- [Work order]:
Going down the listing below, print exactly each line from the one with "Tiny Talisman Collection" up to and including the one with "女婴花卉印花连帽运动衫和纯色工装裤套装", and skip the rest.

- [Data]:
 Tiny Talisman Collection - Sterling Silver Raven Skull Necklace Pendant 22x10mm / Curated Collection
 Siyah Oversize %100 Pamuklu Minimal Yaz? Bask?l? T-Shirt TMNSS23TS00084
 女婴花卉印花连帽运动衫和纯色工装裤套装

* * *

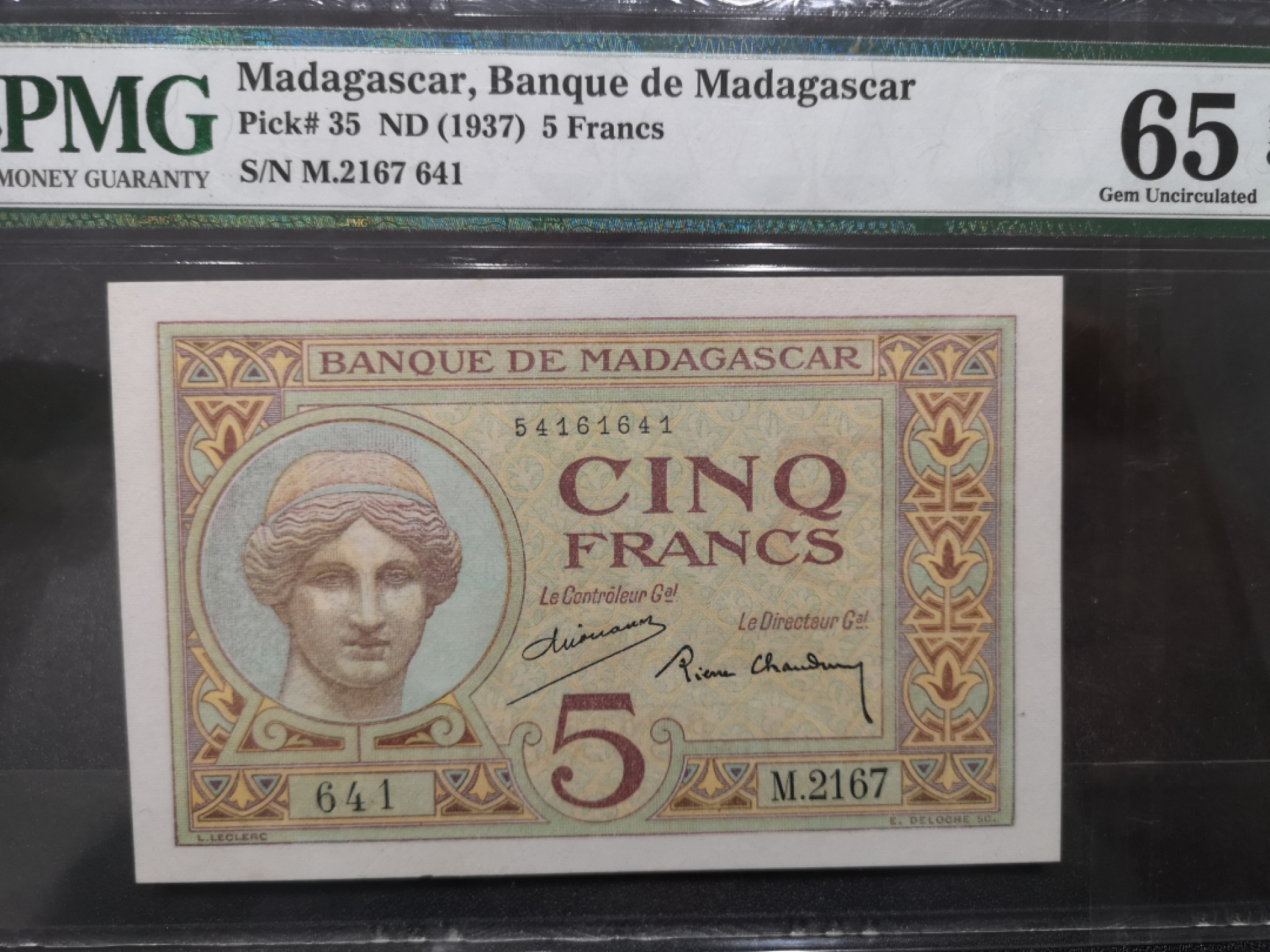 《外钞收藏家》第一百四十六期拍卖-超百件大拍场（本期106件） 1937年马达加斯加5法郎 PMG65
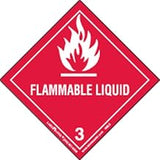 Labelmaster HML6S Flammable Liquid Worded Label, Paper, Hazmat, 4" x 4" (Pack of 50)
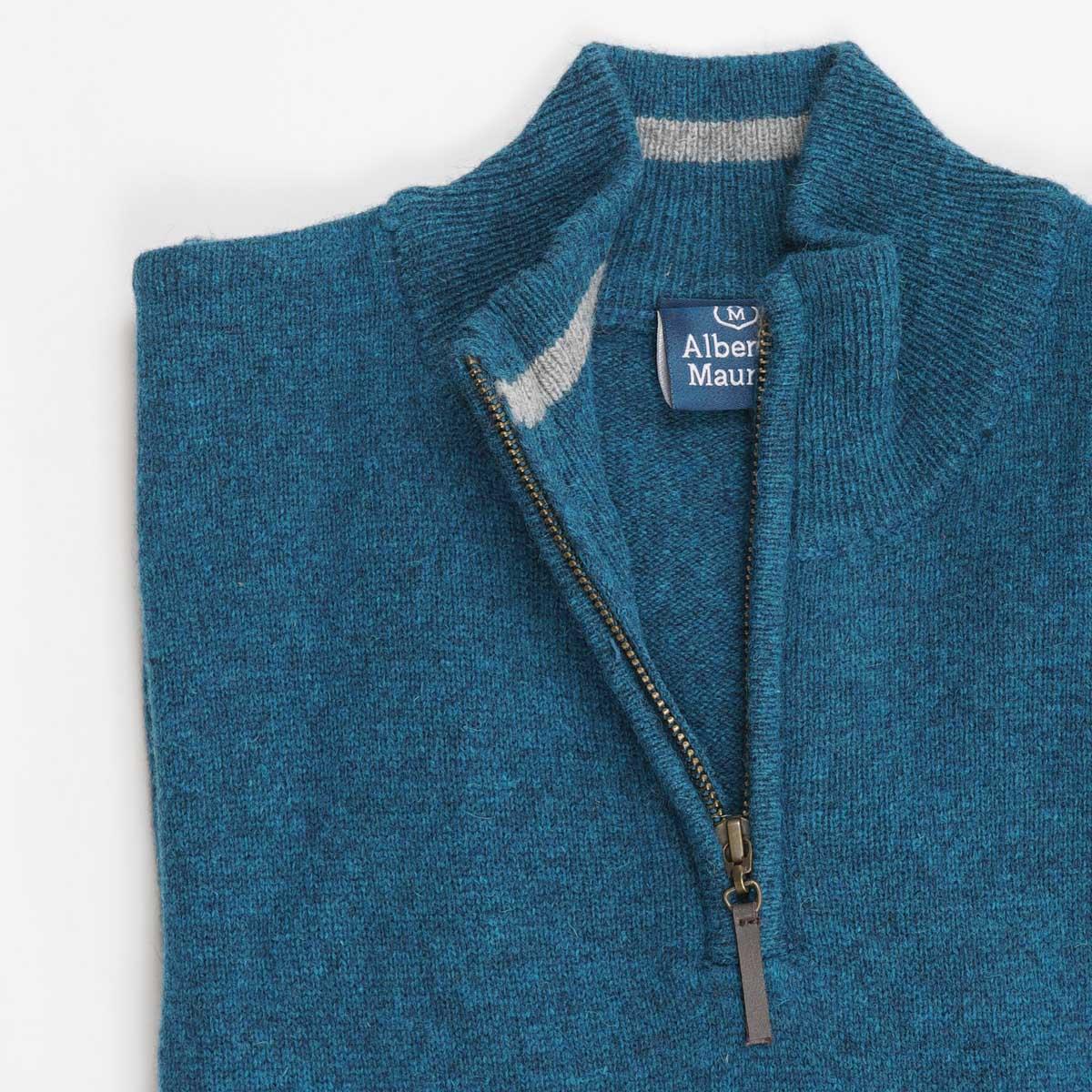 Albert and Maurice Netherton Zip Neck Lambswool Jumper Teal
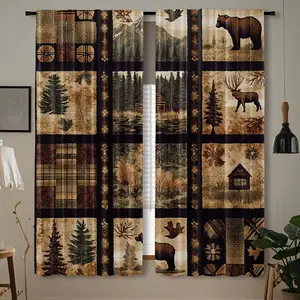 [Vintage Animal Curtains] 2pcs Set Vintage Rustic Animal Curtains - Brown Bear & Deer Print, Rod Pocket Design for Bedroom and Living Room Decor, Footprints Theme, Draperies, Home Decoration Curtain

- [Exercise solution]:
 Tiny Talisman Collection - Sterling Silver Raven Skull Necklace Pendant 22x10mm / Curated Collection
 Siyah Oversize %100 Pamuklu Minimal Yaz? Bask?l? T-Shirt TMNSS23TS00084
 女婴花卉印花连帽运动衫和纯色工装裤套装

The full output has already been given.